He was always so happy it was hard to believe that he was overworking; yet I feared his labour of love would end in exhaustion and possible illness. Everything in the world was beautiful to him, and yet beauty was not a matter of externals with him. It radiated from him, even when it was not about him. Especially was this noticeable when we were away together on one of his short lecturing trips. At these times we were quite alone, and then, without interruptions, in the sequestered domain of some country hotel he would admit me into the wonderland of his inner hopes, his plans for the future, his ideas of life and people and happiness. Once we were staying in one of these country hotels obviously pretentious, but very uncomfortable--the sort of hotel where the walls of the room oppress you, and the furniture astonishes you, and there are no private baths. He sat down in the largest chair, literally beaming with delight.

"Isn't it beautiful?" he said; "now I take my home with me; before I used to be so much alone. Now I have someone to talk to."
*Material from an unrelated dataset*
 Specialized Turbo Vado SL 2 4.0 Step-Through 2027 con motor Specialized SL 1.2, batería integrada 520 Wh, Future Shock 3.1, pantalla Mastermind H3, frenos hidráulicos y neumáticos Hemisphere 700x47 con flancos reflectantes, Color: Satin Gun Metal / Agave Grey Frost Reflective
There was nothing comparative in his happiness; everything was made perfect for him by the simplicity of his appreciation. I used to look forward to these trips as one might look forward to an excursion into some new and unexpected transport of existence, for he always had new wonders of heart and mind to reveal in these obscure byways we explored together. They were all too short, and yet too full for time to record them in a diary. These were the hours that one puts away in the secret chamber of unwritten and untold feeling. I turn again to the pages of our sc.r.a.p book, as one turns to the dictionary, for reserve of language.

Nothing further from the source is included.